Certa noite, entre cervejas e cervejas, um amigo que trabalhava em uma empresa de turismo, o Gonçalves, me chamou de lado e me convidou para atuar como guia turístico. E abriu um sorriso.
O que? Guia turístico? Para levar alguém pra Marte?
Ele ficou me olhando. Sumiu o sorriso.
Como, levar alguém pra Marte, pensou? Este cara está louco!
Continuou me olhando. Cheguei a ficar inibido.
Olha aqui, Gonsalves. Não imaginei nada disso. Mas, cá pra nós: guia turístico?
Tentei explicar minha atividade atual. Sou bom em português. Sou bom em matemática. Sou bom em todas as disciplinas. Mas bom no que é preciso conhecer um curso para trabalhar. Nada mais. E isso não seria interessante para ninguém que fosse passear.
Seguiu de olho na minha cara.
Explico: no início do cursinho pré-vestibular, em São Paulo, num apartamento minúsculo na Avenida Paulista, éramos cinco na república de estudantes.
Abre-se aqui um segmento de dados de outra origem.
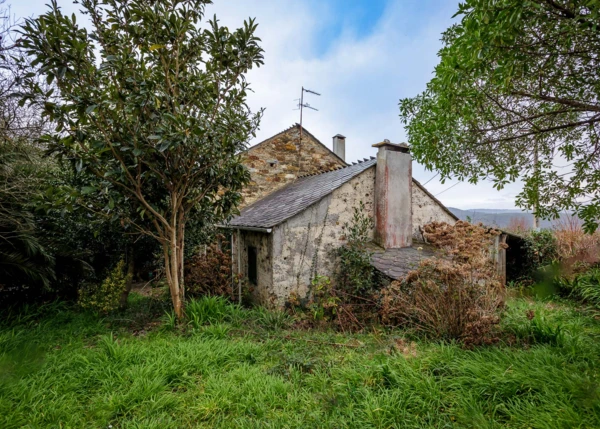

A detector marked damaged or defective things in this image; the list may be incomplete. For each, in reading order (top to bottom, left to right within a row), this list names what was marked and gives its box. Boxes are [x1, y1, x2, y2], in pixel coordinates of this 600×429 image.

Depois de um mês, um caiu fora. Quinze dias depois, outro foi embora. Comecei a me preocupar. Afinal, o aluguel do apartamento estava no nome do meu pai. Quando mais um se foi, entrei em pandarecos. Olhei para Ramon, o colega restante. “Não se preocupe, vou ficar”, disse. Tive um alívio bem leve.
Foi leve, mas nem tanto. No final de semana seguinte teríamos simulado para se ver como estávamos estudando. Agarramos as apostilas e livros com mais vigor. E partimos para a prova. Era um bando de estudantes em todas as salas. São Paulo de cabo a rabo estava lá.
Naquele ambiente foi que senti mais claramente como foi a debandada da república. Quando estavam distribuindo as provas, percebi que algo estava em reboliço no meu estômago. Comecei a me levantar. Iria vomitar. E vomitei mesmo.
Uma japonesinha da fileira da frente foi a vítima. E lá se foi sobre a cabeça dela a estranheza do meu estômago. E foi por cabelo e corpo o embaraço que sentia. Para mim, fim de simulado. E provavelmente também para a japonesinha. Saí com a comida vomitada pelo corpo inteiro. Um esguicho de bombeiro seria a glória.
Gonçalves continuava me olhando, agora de olhos arregalados. E mostrava cada vez maior interesse.
O que caiu sobre a japonesinha?
Sei lá! Não quero nem pensar. Se conseguisse, também não pensaria.
Quando terminei minhas informações sobre meu período de cursinho, ele perguntou: “O que eu tinha te perguntado mesmo”?
Pensei, pensei… “Não me lembro”, respondi.
Esquecemos e voltamos para a cerveja.